▸ **MATERIAL TO PROCESS**
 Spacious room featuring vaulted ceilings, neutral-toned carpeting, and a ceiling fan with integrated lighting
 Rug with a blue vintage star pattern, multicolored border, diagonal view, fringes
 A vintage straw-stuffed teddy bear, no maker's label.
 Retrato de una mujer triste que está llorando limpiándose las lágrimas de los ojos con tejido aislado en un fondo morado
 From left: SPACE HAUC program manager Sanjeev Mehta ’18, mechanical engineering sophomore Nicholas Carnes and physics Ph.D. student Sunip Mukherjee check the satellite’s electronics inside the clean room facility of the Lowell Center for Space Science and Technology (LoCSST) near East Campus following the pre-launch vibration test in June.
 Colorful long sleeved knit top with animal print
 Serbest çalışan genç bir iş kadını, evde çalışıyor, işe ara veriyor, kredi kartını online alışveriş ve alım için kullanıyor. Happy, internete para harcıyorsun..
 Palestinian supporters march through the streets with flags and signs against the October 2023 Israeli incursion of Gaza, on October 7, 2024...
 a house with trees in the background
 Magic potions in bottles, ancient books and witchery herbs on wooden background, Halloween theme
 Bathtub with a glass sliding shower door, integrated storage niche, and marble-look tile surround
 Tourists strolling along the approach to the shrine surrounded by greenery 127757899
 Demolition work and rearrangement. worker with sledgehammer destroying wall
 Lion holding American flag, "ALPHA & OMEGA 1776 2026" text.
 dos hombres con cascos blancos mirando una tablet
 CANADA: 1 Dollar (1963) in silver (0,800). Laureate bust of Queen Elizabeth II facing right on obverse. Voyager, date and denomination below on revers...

▸ **PROBLEM DESCRIPTION**
Transcribe all of the material above with complete accuracy.

▸ **PROBLEM SOLUTION**
 Spacious room featuring vaulted ceilings, neutral-toned carpeting, and a ceiling fan with integrated lighting
 Rug with a blue vintage star pattern, multicolored border, diagonal view, fringes
 A vintage straw-stuffed teddy bear, no maker's label.
 Retrato de una mujer triste que está llorando limpiándose las lágrimas de los ojos con tejido aislado en un fondo morado
 From left: SPACE HAUC program manager Sanjeev Mehta ’18, mechanical engineering sophomore Nicholas Carnes and physics Ph.D. student Sunip Mukherjee check the satellite’s electronics inside the clean room facility of the Lowell Center for Space Science and Technology (LoCSST) near East Campus following the pre-launch vibration test in June.
 Colorful long sleeved knit top with animal print
 Serbest çalışan genç bir iş kadını, evde çalışıyor, işe ara veriyor, kredi kartını online alışveriş ve alım için kullanıyor. Happy, internete para harcıyorsun..
 Palestinian supporters march through the streets with flags and signs against the October 2023 Israeli incursion of Gaza, on October 7, 2024...
 a house with trees in the background
 Magic potions in bottles, ancient books and witchery herbs on wooden background, Halloween theme
 Bathtub with a glass sliding shower door, integrated storage niche, and marble-look tile surround
 Tourists strolling along the approach to the shrine surrounded by greenery 127757899
 Demolition work and rearrangement. worker with sledgehammer destroying wall
 Lion holding American flag, "ALPHA & OMEGA 1776 2026" text.
 dos hombres con cascos blancos mirando una tablet
 CANADA: 1 Dollar (1963) in silver (0,800). Laureate bust of Queen Elizabeth II facing right on obverse. Voyager, date and denomination below on revers...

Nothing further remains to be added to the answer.